# Exercise instructions:
Output the lines of the listing below exactly, starting at the line containing "Mercedes-Benz AMG GT43 - T-shirt design" and stopping after the last line, with any pictures dropped.

# Input:

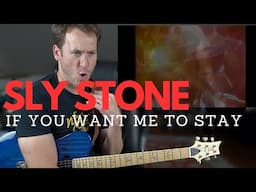 Guitar Teacher REACTS: SLY & THE FAMILY STONE - If You Want Me To Stay (Live)
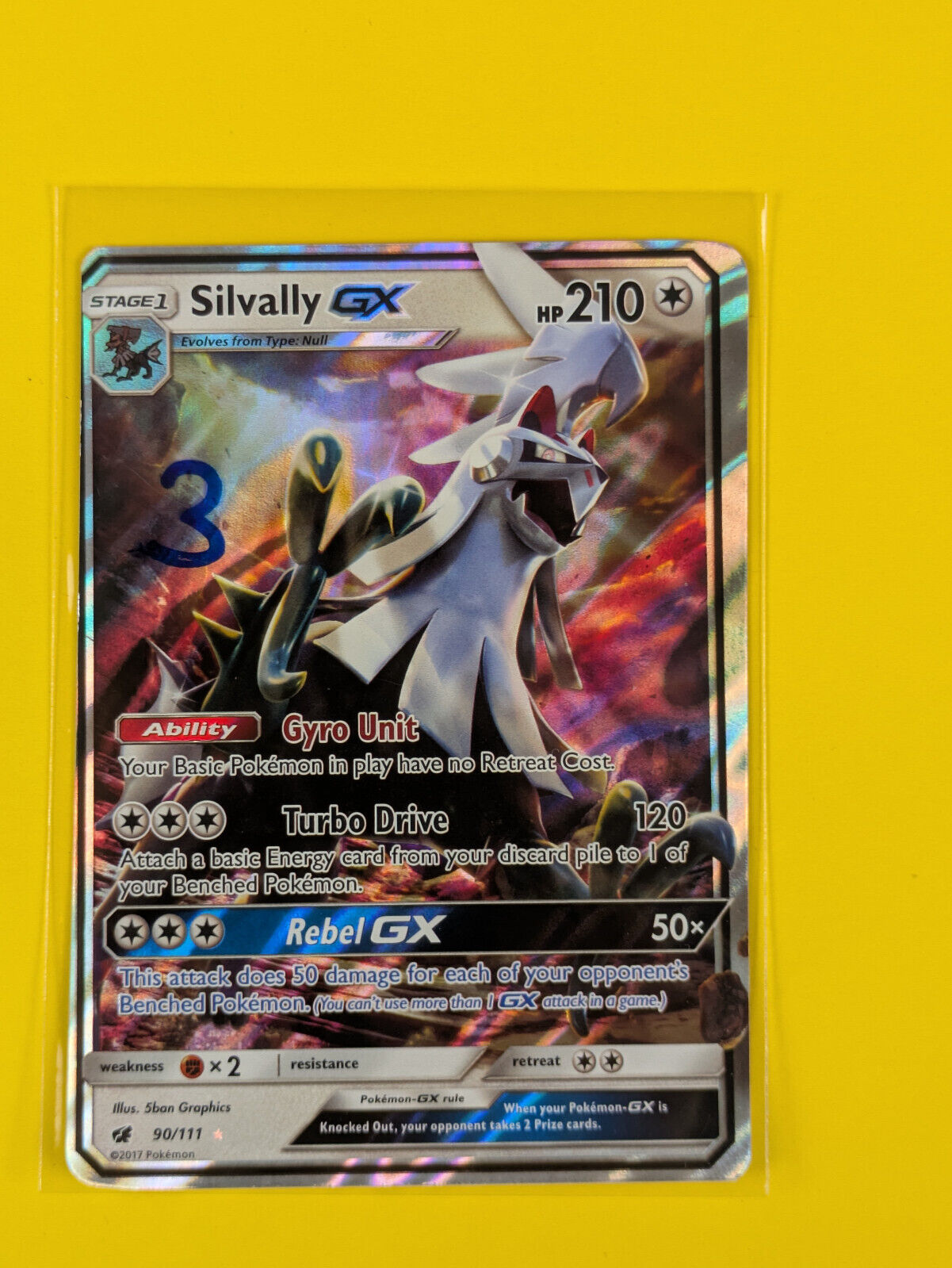 Silvally GX - 90/111 - Ultra Rare Crimson Invasion - Pokemon Card - NM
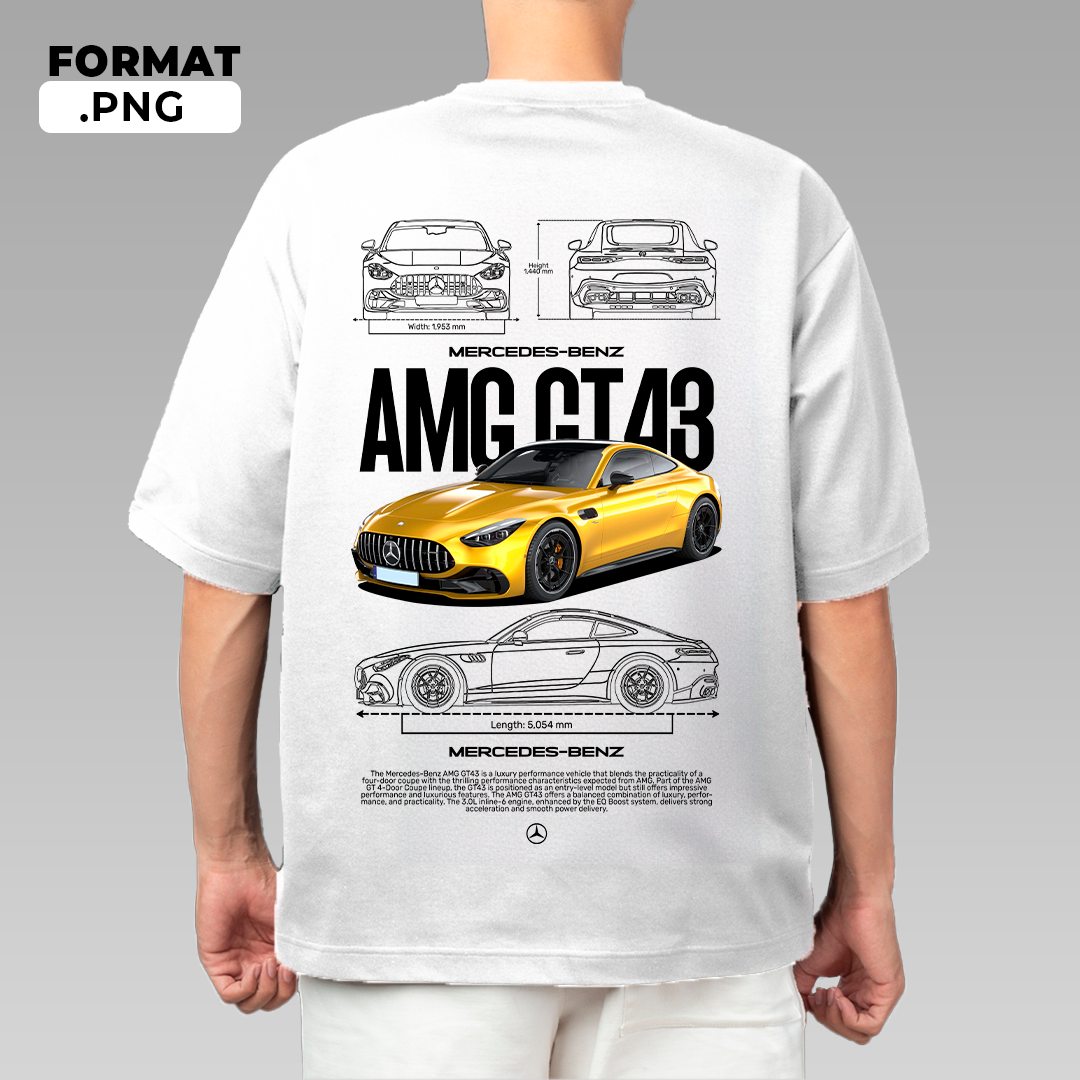 Mercedes-Benz AMG GT43 - T-shirt design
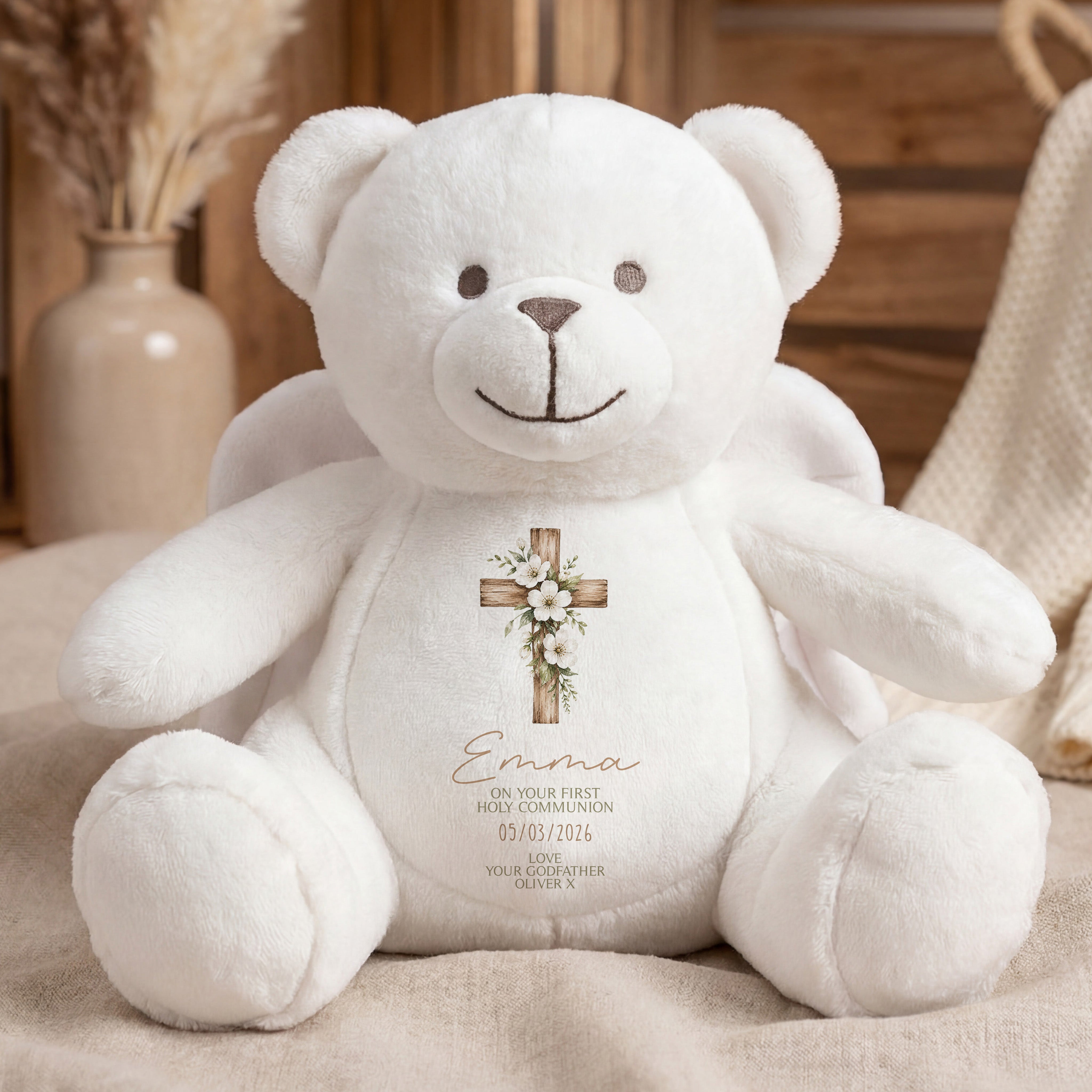 Personalised First Holy Communion Gift | 1st Holy Communion Teddy, Children's 1st Holy Communion Gifts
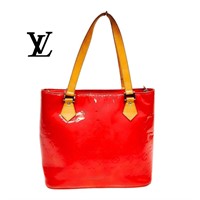 Louis Vuitton LV Hand Bag Houston Red Vernis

# Exercise output:
 Mercedes-Benz AMG GT43 - T-shirt design
 Personalised First Holy Communion Gift | 1st Holy Communion Teddy, Children's 1st Holy Communion Gifts
 Louis Vuitton LV Hand Bag Houston Red Vernis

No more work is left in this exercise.